なんなの?とソファーに座って俺の腕を揺すり見上げてくる。なんだかその栗色の綺麗な髪に無性に触れたくて手を伸ばしてすいた。**は擽ったそうに身を捩る。前言撤回、猫みてぇ…。


「…昴さん?」

「んー?」

「…どうしたの?」

「何が?」

「なんか今日の昴さん…おかしい」

「…そうか?」


肩を引き寄せて背後から肩口に顔を埋める。ひゃっ、と情けない声を出して離れようとするけど離さない。離したくない。何故かそう思った。


「…昴さん、離してよ…」

「ヤダ」

「…こんなの婚約者さん知ったら嫌がるよ?…私なら嫌だもん…」

「……」


私なら?

**が誰かと付き合って、誰かと結婚する日がくる?

俺の見えるところでいちゃこいてるコイツを見るだけで腹が立つというのに、俺の知らない男が**のそいつしか知らない表情を独り占めしてると思うと刺してやりたいくらい腸が煮えくり返る。

そんな俺の気持ちも知らないで何かを思い出したように目の前にある俺の膝を揺すった。


「あ、昴さん!今度マフィン作るの教えてください!」

「…なんでだよ」

「お父さんに作るって約束しちゃったんですよね。私が作ったもの食べてみたいって言うから」

「……」


こうやって他の男に手作りの弁当だとか菓子だとか作ってやるのか、と思ったら気が狂いそうになる。そしてお前は俺には見せない笑顔を向けるんだろ?


「昴さん?…ダメですか?」

「…あ、ああ。
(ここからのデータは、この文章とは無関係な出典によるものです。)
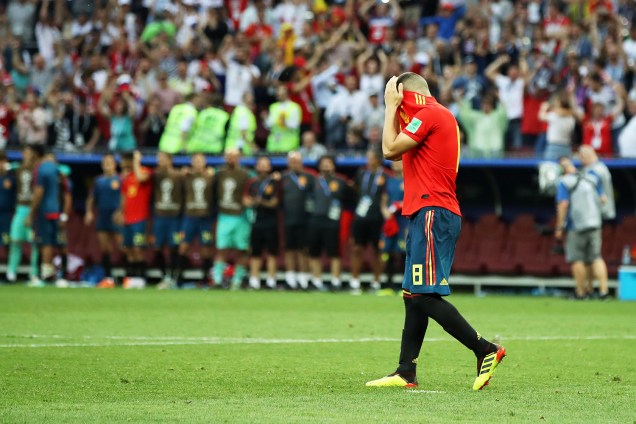 Koke lamenta após perder pênalti, durante partida entre Espanha e Rússia, válida pelas oitavas de final da Copa do Mundo - 01/07/2018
わかった、今度な」

「ホントですか!?やった!ありがとう昴さんっ!!」

「!」


俺の方を振り返って満面の笑みで笑う**を見たら渡したくねぇと思った。誰にも、秋月にも。この笑顔が俺以外のヤツのものになるとかありえねぇ。


「昴さん?」


何かに導かれるように手を伸ばし頬を撫でる。少しピンクに染まった顔を逸らして恥ずかしそうに俺を見上げた。絶対、こんな顔他の男になんて見せたくねぇ。


コイツは全部、俺のものだ。

この独占欲は何から沸き上がる…?




ああ、そうか…

これが、





好き
ということなのか。




初めて気づいたこの気持ちをおまえはどう受け取ってくれるだろう。

電話を切り、キッチンに向かう**の背を見つめながら思った。



「……昴さん」

「ん?」

「…今の電話って…婚約者さん、ですか?」

「元、な。気になるか?」

「えっ…」

「これで俺も同じ土俵に立ったぞ」

「…?どういうことですか?」

「秋月のこと考える暇もないくらいに俺に夢中にさせてやるから覚悟してろ、って言ってんだよ」

「…っ!」

「…誰にも渡す気はねぇから。他の男に菓子なんて作るんじゃねーよ」

「…でも…っ、これお父さんに…」

「総理も男だろ?…俺のことを考えて作れよ。そしたら作り方教えてやる」

「…………ハイ…」

「…そんな顔したら襲うぞ?」

「!!?」






覚したら最後



今まで目を背けていたんだ。

見ようともしなかった。

おまえが好きだとわかった今、全てが可愛くてしょうがねぇ。

恋愛初心者上等じゃねぇか。

もう遠慮せず行くから覚悟しろよ?







end?


















「…ごめんね、海司さん」

「は?なんだよ瑞貴」

「僕、火つける手伝いしちゃった」

「…?」

「でも着火はしてませんよ?昴さんが自分で気づいたんだから」

「は?なんで昴さん?瑞貴、わかるように説明しろって!」

「…昴さん婚約解消したって」

「……は?」

「**さんは誰と結婚するんでしょうね」

「!!!」

「昴さんの目は本気って書いてあったからね。まるでライオンがウサギを捕まえる時の目だったなぁ」

「瑞貴……おまえ怨むよ…」





誰にも渡さない。

例え秋月が幼なじみだとしても、**を守るこの特権は俺だけのものだ。